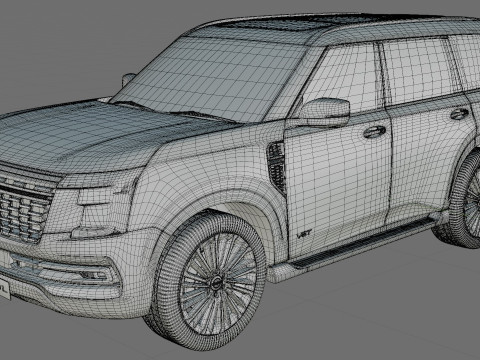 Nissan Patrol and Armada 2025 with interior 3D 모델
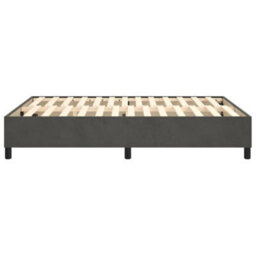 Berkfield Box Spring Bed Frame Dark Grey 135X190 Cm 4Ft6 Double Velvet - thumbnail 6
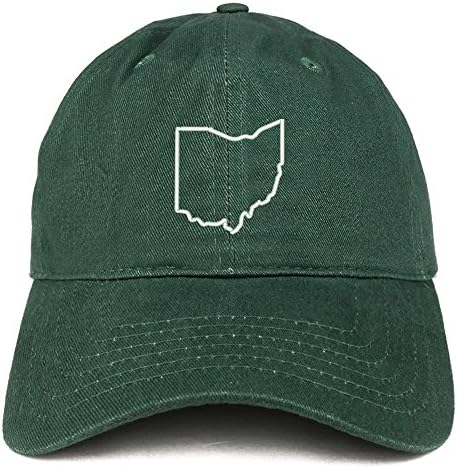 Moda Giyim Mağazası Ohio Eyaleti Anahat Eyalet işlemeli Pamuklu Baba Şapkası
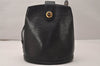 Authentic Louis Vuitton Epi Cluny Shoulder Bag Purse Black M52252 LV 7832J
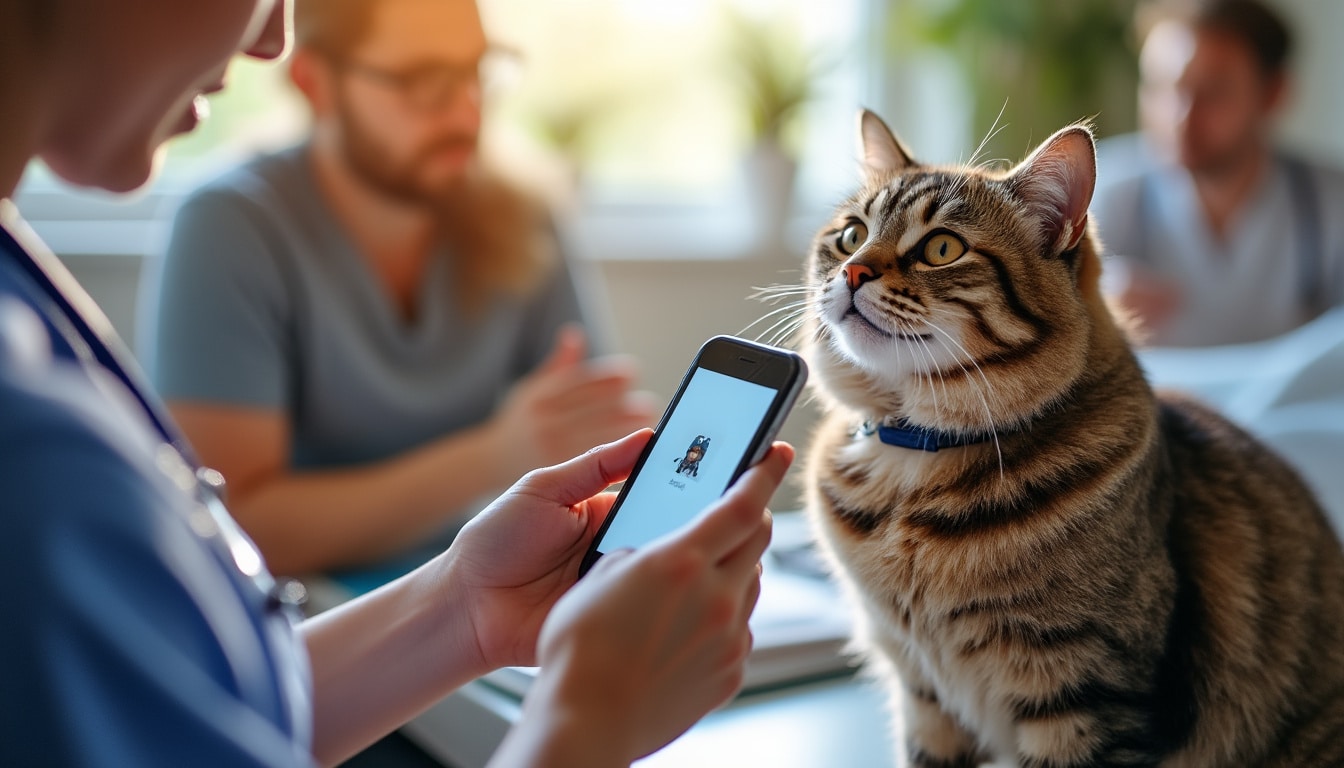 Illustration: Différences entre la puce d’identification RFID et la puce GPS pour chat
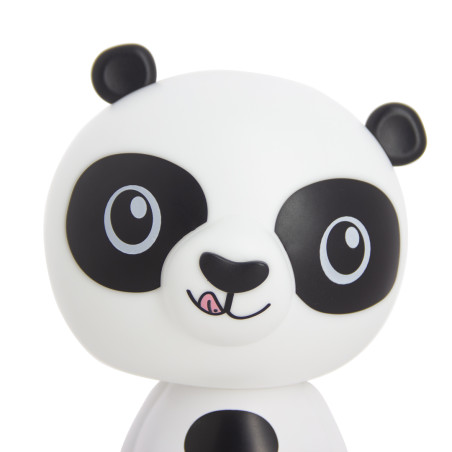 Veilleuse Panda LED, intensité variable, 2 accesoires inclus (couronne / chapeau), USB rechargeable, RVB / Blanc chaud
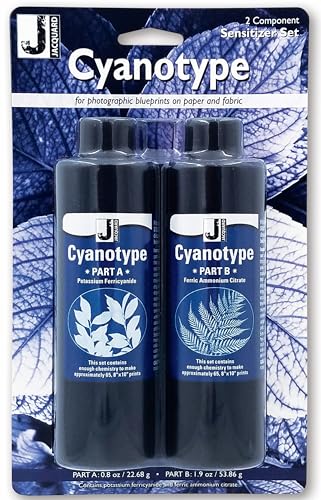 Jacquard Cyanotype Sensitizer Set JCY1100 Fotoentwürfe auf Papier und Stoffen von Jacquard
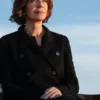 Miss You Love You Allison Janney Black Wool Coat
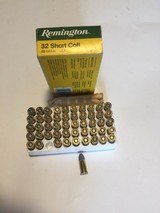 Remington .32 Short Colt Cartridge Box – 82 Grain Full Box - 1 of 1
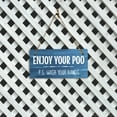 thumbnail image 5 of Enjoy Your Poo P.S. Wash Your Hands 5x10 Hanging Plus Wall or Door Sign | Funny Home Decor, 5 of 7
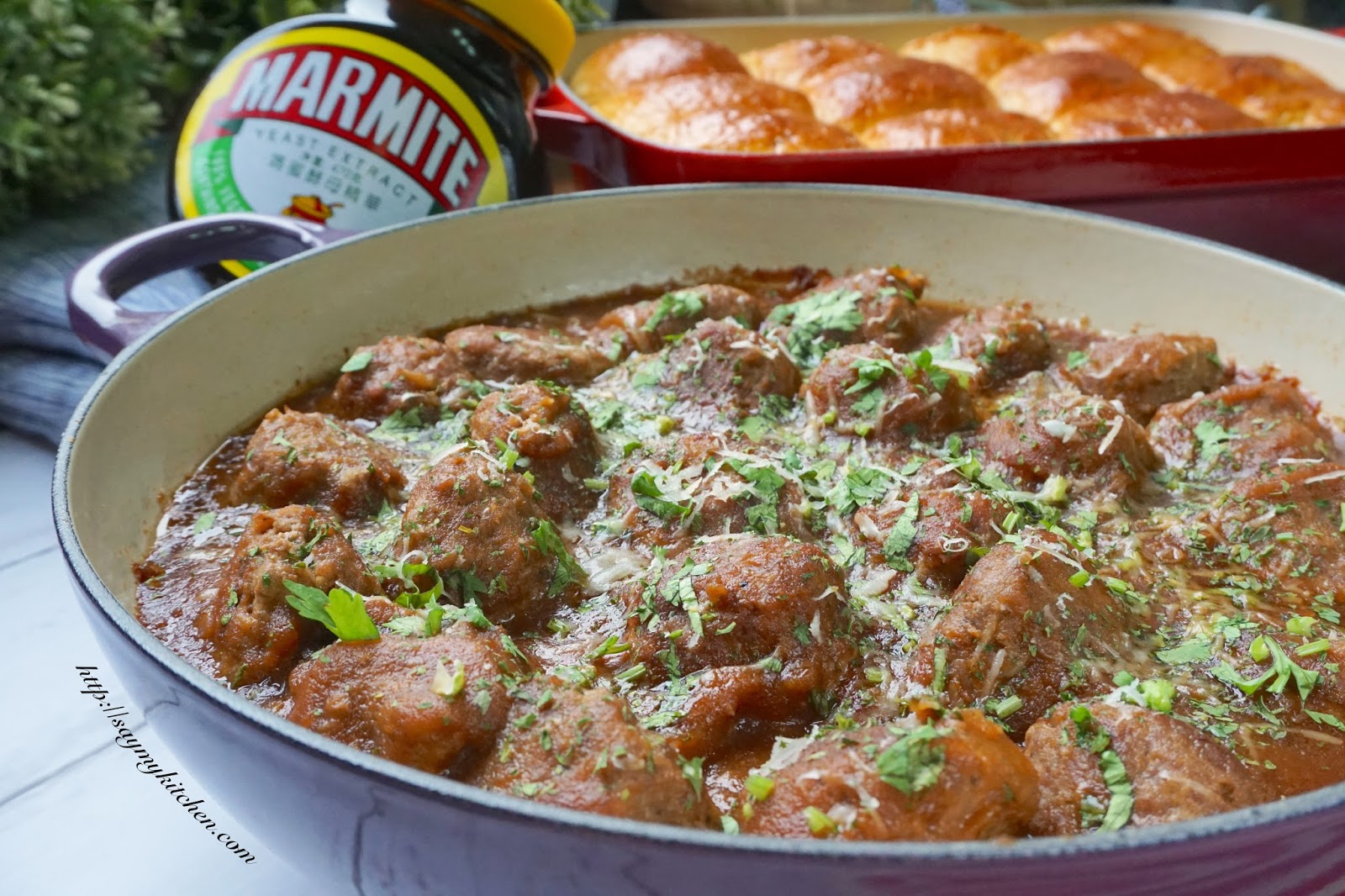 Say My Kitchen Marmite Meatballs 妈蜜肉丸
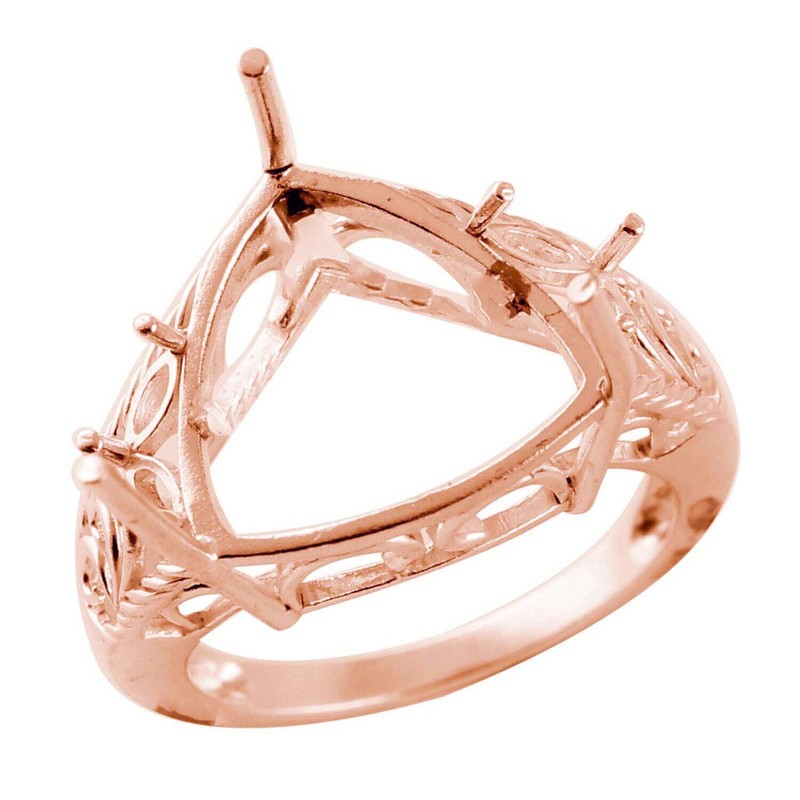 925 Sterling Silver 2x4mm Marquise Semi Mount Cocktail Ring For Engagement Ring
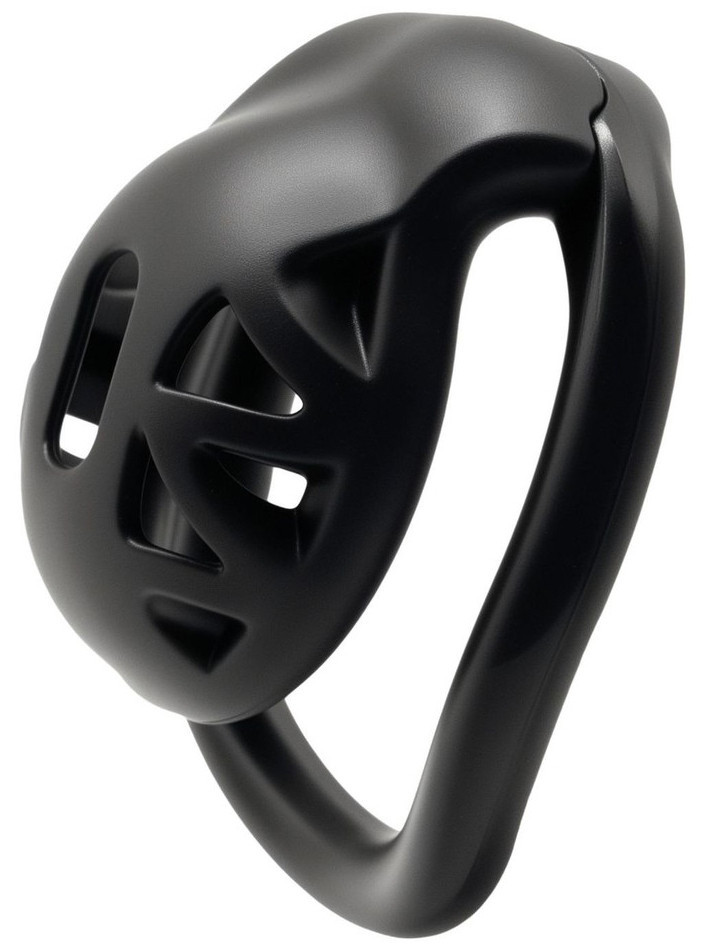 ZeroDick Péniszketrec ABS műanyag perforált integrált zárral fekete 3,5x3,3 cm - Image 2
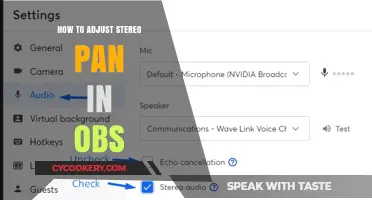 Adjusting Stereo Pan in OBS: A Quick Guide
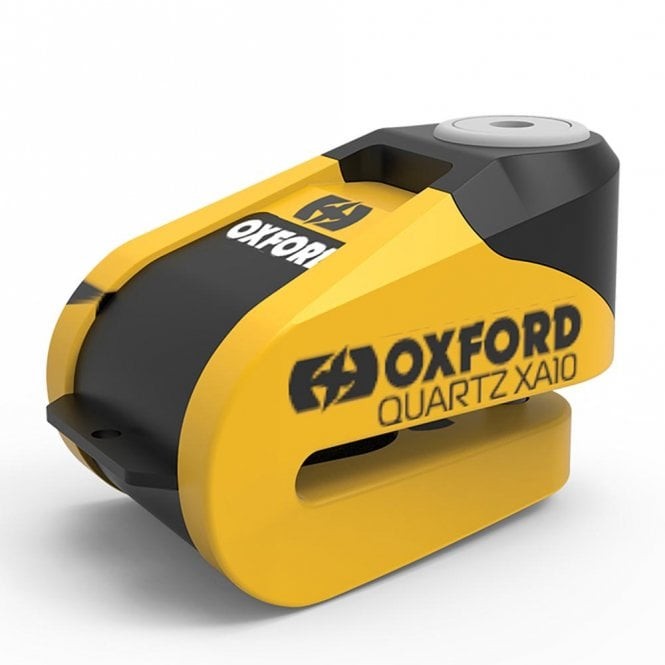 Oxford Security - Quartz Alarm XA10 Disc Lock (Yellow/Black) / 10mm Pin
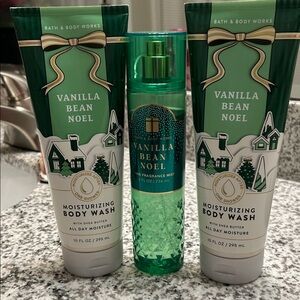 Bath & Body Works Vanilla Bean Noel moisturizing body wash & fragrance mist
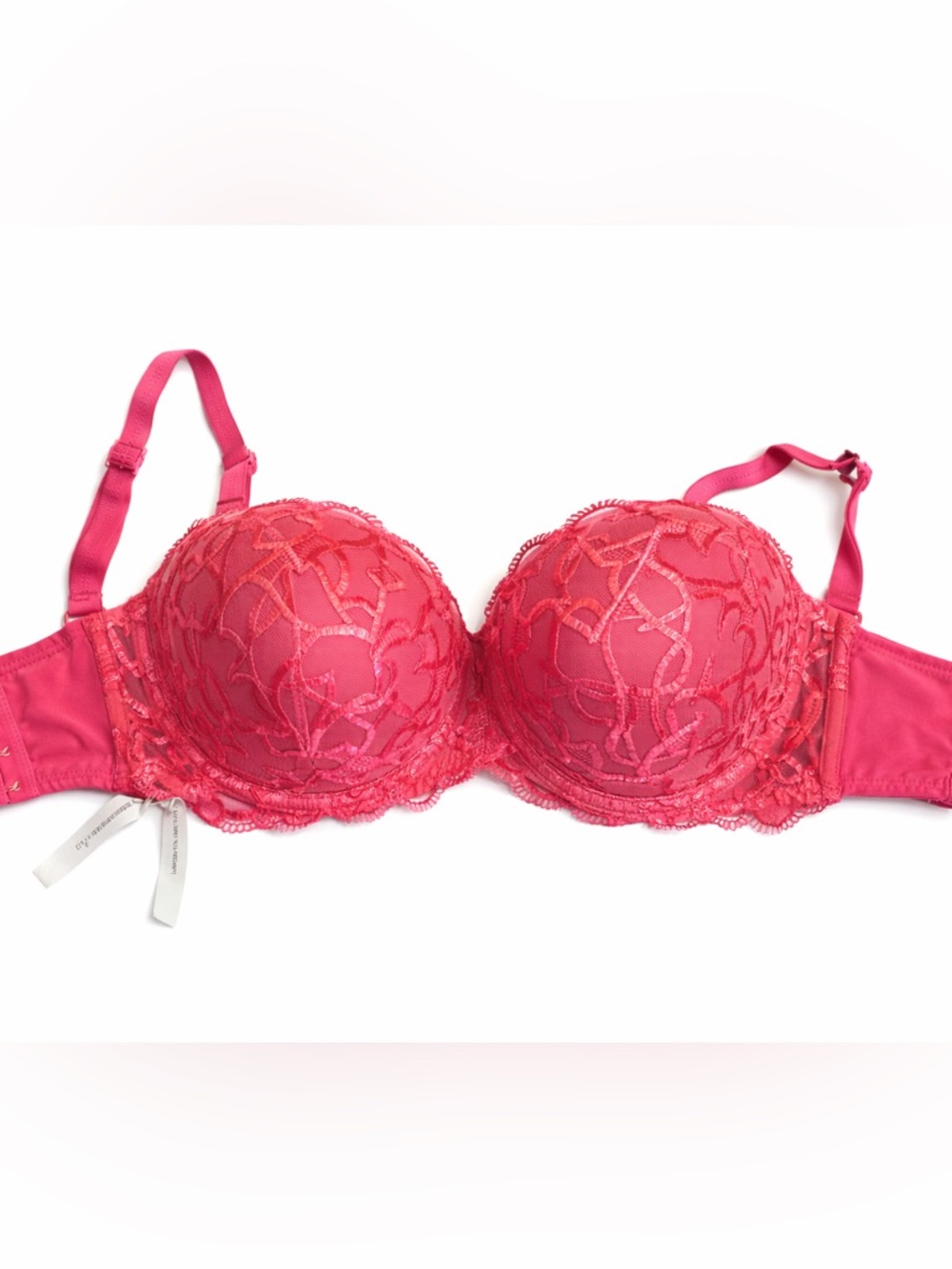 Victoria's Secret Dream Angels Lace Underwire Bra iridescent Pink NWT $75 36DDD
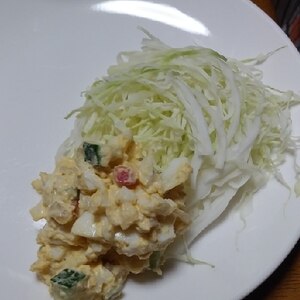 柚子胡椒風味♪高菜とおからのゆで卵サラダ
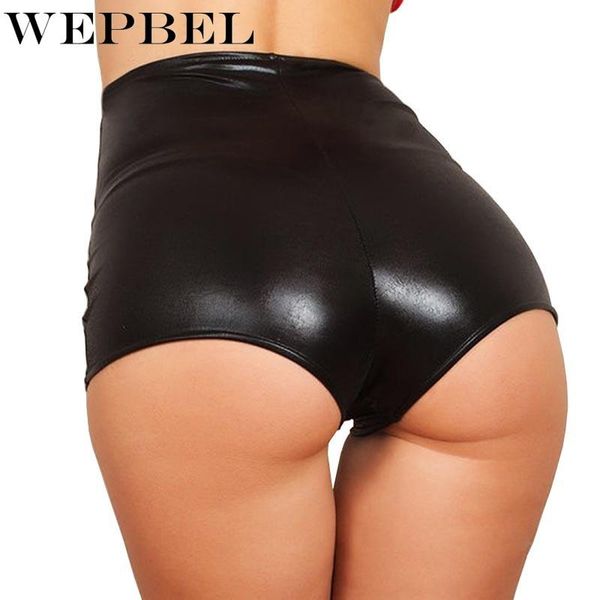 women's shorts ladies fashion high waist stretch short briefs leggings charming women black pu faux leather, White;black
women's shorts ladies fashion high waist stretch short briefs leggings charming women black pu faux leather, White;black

◇ ◇ ◇ ◇

◆ **AIM OF THE TASK**: A faithful copy of every record is required, with no pictures included.

◆ **EXERCISE OUTPUT**:
 Nissan Patrol and Armada 2025 with interior 3D 모델
 Berkfield Box Spring Bed Frame Dark Grey 135X190 Cm 4Ft6 Double Velvet - thumbnail 6
 Moda Giyim Mağazası Ohio Eyaleti Anahat Eyalet işlemeli Pamuklu Baba Şapkası
 Authentic Louis Vuitton Epi Cluny Shoulder Bag Purse Black M52252 LV 7832J
 Illustration: Différences entre la puce d’identification RFID et la puce GPS pour chat
 Veilleuse Panda LED, intensité variable, 2 accesoires inclus (couronne / chapeau), USB rechargeable, RVB / Blanc chaud
 Jacquard Cyanotype Sensitizer Set JCY1100 Fotoentwürfe auf Papier und Stoffen von Jacquard
 Miss You Love You Allison Janney Black Wool Coat
 Remington .32 Short Colt Cartridge Box – 82 Grain Full Box - 1 of 1
 thumbnail image 5 of Enjoy Your Poo P.S. Wash Your Hands 5x10 Hanging Plus Wall or Door Sign | Funny Home Decor, 5 of 7
 Say My Kitchen Marmite Meatballs 妈蜜肉丸
 925 Sterling Silver 2x4mm Marquise Semi Mount Cocktail Ring For Engagement Ring
 ZeroDick Péniszketrec ABS műanyag perforált integrált zárral fekete 3,5x3,3 cm - Image 2
 Adjusting Stereo Pan in OBS: A Quick Guide
 Oxford Security - Quartz Alarm XA10 Disc Lock (Yellow/Black) / 10mm Pin
 Bath & Body Works Vanilla Bean Noel moisturizing body wash & fragrance mist
 Victoria's Secret Dream Angels Lace Underwire Bra iridescent Pink NWT $75 36DDD
 柚子胡椒風味♪高菜とおからのゆで卵サラダ
 women's shorts ladies fashion high waist stretch short briefs leggings charming women black pu faux leather, White;black
women's shorts ladies fashion high waist stretch short briefs leggings charming women black pu faux leather, White;black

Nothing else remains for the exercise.